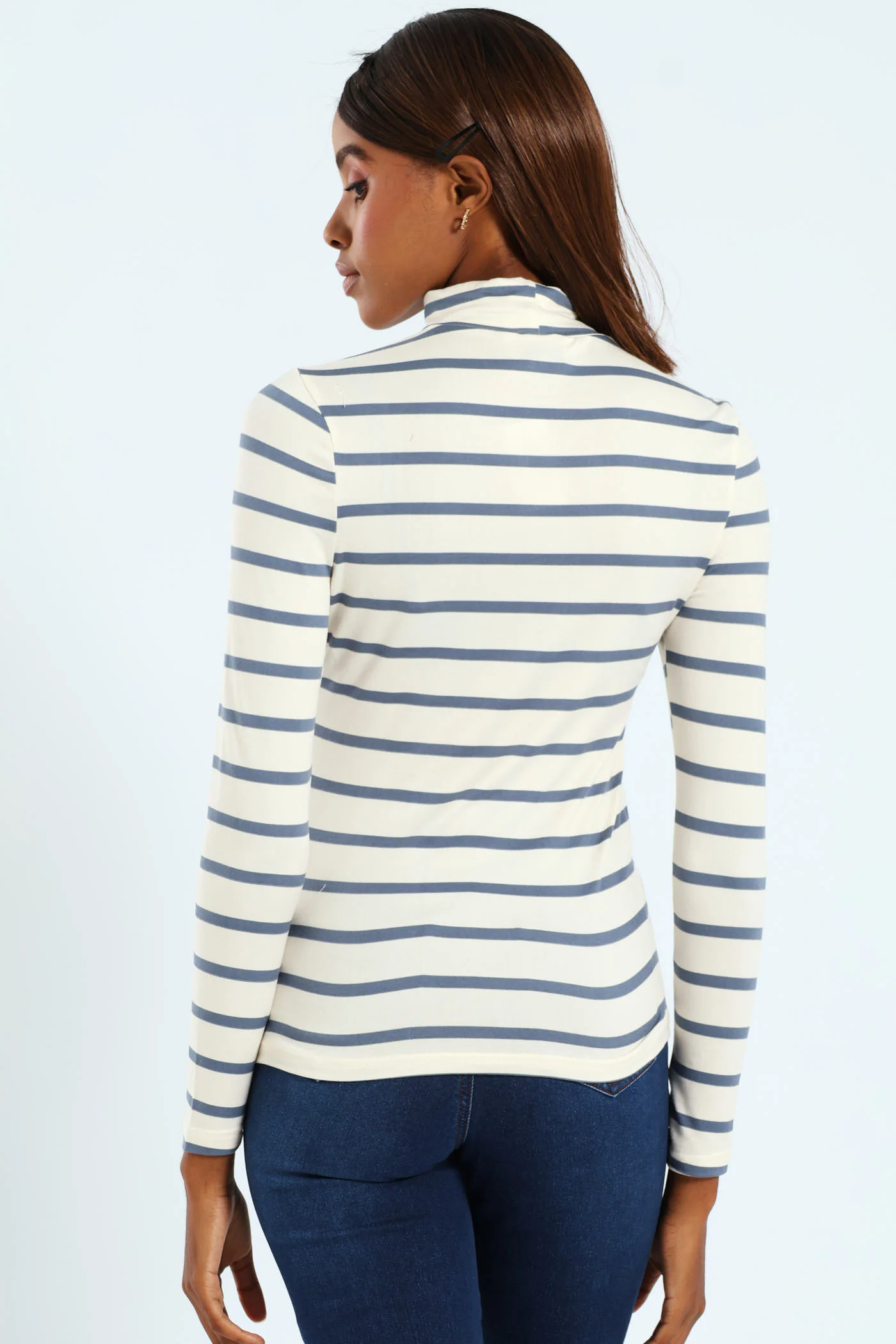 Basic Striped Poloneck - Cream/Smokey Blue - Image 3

==*==

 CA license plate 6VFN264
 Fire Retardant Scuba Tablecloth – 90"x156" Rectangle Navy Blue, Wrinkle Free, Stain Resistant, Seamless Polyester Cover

==*==

WHAT TO WORK ON:
Could you set down, exactly as written, the lines above between the one holding "CA license plate 6VFN264" and the one holding "Fire Retardant Scuba", inclusive, and nothing more?

TASK OUTPUT:
 CA license plate 6VFN264
 Fire Retardant Scuba Tablecloth – 90"x156" Rectangle Navy Blue, Wrinkle Free, Stain Resistant, Seamless Polyester Cover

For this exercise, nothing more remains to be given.